**Work item**
In the data below, one line contains "A view of the" and a later one contains "Close-up of a". Print both, with every line between them, exactly and alone.

Excerpts from a dataset:
+===+
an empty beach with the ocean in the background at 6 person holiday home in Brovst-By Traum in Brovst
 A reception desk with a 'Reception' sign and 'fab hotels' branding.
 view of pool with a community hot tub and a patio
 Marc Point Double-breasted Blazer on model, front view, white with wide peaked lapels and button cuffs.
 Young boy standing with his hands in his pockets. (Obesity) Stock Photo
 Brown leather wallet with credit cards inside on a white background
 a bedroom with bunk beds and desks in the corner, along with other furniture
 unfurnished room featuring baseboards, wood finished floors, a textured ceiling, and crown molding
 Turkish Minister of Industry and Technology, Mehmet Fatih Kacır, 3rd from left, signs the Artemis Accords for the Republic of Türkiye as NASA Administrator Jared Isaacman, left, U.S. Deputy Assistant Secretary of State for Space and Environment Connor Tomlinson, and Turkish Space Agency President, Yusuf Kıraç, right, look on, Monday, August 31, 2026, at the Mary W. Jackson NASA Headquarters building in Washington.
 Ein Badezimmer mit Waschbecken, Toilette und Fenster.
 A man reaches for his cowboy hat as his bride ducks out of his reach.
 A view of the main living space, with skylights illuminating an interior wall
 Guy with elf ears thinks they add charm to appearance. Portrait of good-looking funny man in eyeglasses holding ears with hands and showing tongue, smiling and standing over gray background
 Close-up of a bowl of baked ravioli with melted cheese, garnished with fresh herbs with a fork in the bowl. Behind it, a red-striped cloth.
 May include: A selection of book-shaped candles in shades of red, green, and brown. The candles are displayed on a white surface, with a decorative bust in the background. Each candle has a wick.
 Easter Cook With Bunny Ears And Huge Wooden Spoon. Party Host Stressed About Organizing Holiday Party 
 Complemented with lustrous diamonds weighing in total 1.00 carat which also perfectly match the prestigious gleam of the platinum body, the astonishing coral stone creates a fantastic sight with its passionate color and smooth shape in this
+===+
**Exercise answer**
 A view of the main living space, with skylights illuminating an interior wall
 Guy with elf ears thinks they add charm to appearance. Portrait of good-looking funny man in eyeglasses holding ears with hands and showing tongue, smiling and standing over gray background
 Close-up of a bowl of baked ravioli with melted cheese, garnished with fresh herbs with a fork in the bowl. Behind it, a red-striped cloth.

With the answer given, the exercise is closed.